++++ Exercise materials ++++
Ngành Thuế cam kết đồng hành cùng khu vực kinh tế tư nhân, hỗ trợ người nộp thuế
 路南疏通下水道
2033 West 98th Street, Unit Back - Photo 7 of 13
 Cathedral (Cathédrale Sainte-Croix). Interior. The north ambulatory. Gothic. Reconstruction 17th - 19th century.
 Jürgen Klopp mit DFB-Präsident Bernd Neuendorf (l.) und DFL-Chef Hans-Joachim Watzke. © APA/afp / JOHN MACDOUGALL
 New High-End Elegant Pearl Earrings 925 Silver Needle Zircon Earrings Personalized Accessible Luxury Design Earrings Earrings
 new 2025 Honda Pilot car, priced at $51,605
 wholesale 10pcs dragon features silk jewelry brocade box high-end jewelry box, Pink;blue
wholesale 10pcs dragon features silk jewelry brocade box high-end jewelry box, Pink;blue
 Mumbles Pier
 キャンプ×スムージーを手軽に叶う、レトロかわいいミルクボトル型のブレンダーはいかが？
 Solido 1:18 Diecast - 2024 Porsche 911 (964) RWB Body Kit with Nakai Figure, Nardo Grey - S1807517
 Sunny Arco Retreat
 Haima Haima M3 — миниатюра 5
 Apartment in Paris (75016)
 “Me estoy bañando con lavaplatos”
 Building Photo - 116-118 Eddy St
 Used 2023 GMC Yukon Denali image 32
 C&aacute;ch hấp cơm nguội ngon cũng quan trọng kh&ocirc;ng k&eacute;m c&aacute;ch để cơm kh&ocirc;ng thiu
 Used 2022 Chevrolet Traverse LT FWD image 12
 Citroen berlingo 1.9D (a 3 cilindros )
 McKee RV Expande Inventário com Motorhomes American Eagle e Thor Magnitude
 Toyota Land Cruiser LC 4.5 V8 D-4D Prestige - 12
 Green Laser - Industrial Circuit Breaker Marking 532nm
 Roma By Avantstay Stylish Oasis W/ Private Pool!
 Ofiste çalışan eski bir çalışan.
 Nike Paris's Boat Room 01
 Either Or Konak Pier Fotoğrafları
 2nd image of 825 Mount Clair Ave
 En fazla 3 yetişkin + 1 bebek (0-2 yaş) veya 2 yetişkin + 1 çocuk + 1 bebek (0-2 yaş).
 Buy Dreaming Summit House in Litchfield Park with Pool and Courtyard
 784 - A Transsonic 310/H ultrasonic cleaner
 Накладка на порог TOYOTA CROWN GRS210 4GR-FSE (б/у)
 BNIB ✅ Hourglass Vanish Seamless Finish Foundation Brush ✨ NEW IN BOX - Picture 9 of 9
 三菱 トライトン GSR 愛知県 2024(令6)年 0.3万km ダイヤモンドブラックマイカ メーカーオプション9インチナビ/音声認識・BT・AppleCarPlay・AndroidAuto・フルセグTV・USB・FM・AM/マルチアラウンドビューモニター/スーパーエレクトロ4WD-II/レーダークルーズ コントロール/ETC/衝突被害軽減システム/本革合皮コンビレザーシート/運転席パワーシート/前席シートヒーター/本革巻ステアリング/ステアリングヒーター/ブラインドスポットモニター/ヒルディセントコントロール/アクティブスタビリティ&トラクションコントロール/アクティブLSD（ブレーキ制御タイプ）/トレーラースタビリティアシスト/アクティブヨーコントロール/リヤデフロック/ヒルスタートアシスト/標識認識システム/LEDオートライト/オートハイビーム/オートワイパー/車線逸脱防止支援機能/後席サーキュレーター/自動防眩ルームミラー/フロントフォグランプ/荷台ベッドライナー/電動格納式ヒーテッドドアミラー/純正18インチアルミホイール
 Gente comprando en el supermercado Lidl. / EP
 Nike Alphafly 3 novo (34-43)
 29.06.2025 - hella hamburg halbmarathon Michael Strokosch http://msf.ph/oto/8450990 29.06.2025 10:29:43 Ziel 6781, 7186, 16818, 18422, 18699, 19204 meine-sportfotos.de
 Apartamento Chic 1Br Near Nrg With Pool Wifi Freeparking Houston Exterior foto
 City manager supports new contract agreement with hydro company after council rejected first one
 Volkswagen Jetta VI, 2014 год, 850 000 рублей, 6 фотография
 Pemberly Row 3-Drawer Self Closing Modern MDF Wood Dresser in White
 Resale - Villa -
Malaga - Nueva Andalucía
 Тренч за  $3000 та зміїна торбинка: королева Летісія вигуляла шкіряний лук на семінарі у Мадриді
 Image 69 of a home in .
++++
• [What is required]: Give the entries again in full, exactly as they are written.

• [Solution for this exercise]:
Ngành Thuế cam kết đồng hành cùng khu vực kinh tế tư nhân, hỗ trợ người nộp thuế
 路南疏通下水道
2033 West 98th Street, Unit Back - Photo 7 of 13
 Cathedral (Cathédrale Sainte-Croix). Interior. The north ambulatory. Gothic. Reconstruction 17th - 19th century.
 Jürgen Klopp mit DFB-Präsident Bernd Neuendorf (l.) und DFL-Chef Hans-Joachim Watzke. © APA/afp / JOHN MACDOUGALL
 New High-End Elegant Pearl Earrings 925 Silver Needle Zircon Earrings Personalized Accessible Luxury Design Earrings Earrings
 new 2025 Honda Pilot car, priced at $51,605
 wholesale 10pcs dragon features silk jewelry brocade box high-end jewelry box, Pink;blue
wholesale 10pcs dragon features silk jewelry brocade box high-end jewelry box, Pink;blue
 Mumbles Pier
 キャンプ×スムージーを手軽に叶う、レトロかわいいミルクボトル型のブレンダーはいかが？
 Solido 1:18 Diecast - 2024 Porsche 911 (964) RWB Body Kit with Nakai Figure, Nardo Grey - S1807517
 Sunny Arco Retreat
 Haima Haima M3 — миниатюра 5
 Apartment in Paris (75016)
 “Me estoy bañando con lavaplatos”
 Building Photo - 116-118 Eddy St
 Used 2023 GMC Yukon Denali image 32
 C&aacute;ch hấp cơm nguội ngon cũng quan trọng kh&ocirc;ng k&eacute;m c&aacute;ch để cơm kh&ocirc;ng thiu
 Used 2022 Chevrolet Traverse LT FWD image 12
 Citroen berlingo 1.9D (a 3 cilindros )
 McKee RV Expande Inventário com Motorhomes American Eagle e Thor Magnitude
 Toyota Land Cruiser LC 4.5 V8 D-4D Prestige - 12
 Green Laser - Industrial Circuit Breaker Marking 532nm
 Roma By Avantstay Stylish Oasis W/ Private Pool!
 Ofiste çalışan eski bir çalışan.
 Nike Paris's Boat Room 01
 Either Or Konak Pier Fotoğrafları
 2nd image of 825 Mount Clair Ave
 En fazla 3 yetişkin + 1 bebek (0-2 yaş) veya 2 yetişkin + 1 çocuk + 1 bebek (0-2 yaş).
 Buy Dreaming Summit House in Litchfield Park with Pool and Courtyard
 784 - A Transsonic 310/H ultrasonic cleaner
 Накладка на порог TOYOTA CROWN GRS210 4GR-FSE (б/у)
 BNIB ✅ Hourglass Vanish Seamless Finish Foundation Brush ✨ NEW IN BOX - Picture 9 of 9
 三菱 トライトン GSR 愛知県 2024(令6)年 0.3万km ダイヤモンドブラックマイカ メーカーオプション9インチナビ/音声認識・BT・AppleCarPlay・AndroidAuto・フルセグTV・USB・FM・AM/マルチアラウンドビューモニター/スーパーエレクトロ4WD-II/レーダークルーズ コントロール/ETC/衝突被害軽減システム/本革合皮コンビレザーシート/運転席パワーシート/前席シートヒーター/本革巻ステアリング/ステアリングヒーター/ブラインドスポットモニター/ヒルディセントコントロール/アクティブスタビリティ&トラクションコントロール/アクティブLSD（ブレーキ制御タイプ）/トレーラースタビリティアシスト/アクティブヨーコントロール/リヤデフロック/ヒルスタートアシスト/標識認識システム/LEDオートライト/オートハイビーム/オートワイパー/車線逸脱防止支援機能/後席サーキュレーター/自動防眩ルームミラー/フロントフォグランプ/荷台ベッドライナー/電動格納式ヒーテッドドアミラー/純正18インチアルミホイール
 Gente comprando en el supermercado Lidl. / EP
 Nike Alphafly 3 novo (34-43)
 29.06.2025 - hella hamburg halbmarathon Michael Strokosch http://msf.ph/oto/8450990 29.06.2025 10:29:43 Ziel 6781, 7186, 16818, 18422, 18699, 19204 meine-sportfotos.de
 Apartamento Chic 1Br Near Nrg With Pool Wifi Freeparking Houston Exterior foto
 City manager supports new contract agreement with hydro company after council rejected first one
 Volkswagen Jetta VI, 2014 год, 850 000 рублей, 6 фотография
 Pemberly Row 3-Drawer Self Closing Modern MDF Wood Dresser in White
 Resale - Villa -
Malaga - Nueva Andalucía
 Тренч за  $3000 та зміїна торбинка: королева Летісія вигуляла шкіряний лук на семінарі у Мадриді
 Image 69 of a home in .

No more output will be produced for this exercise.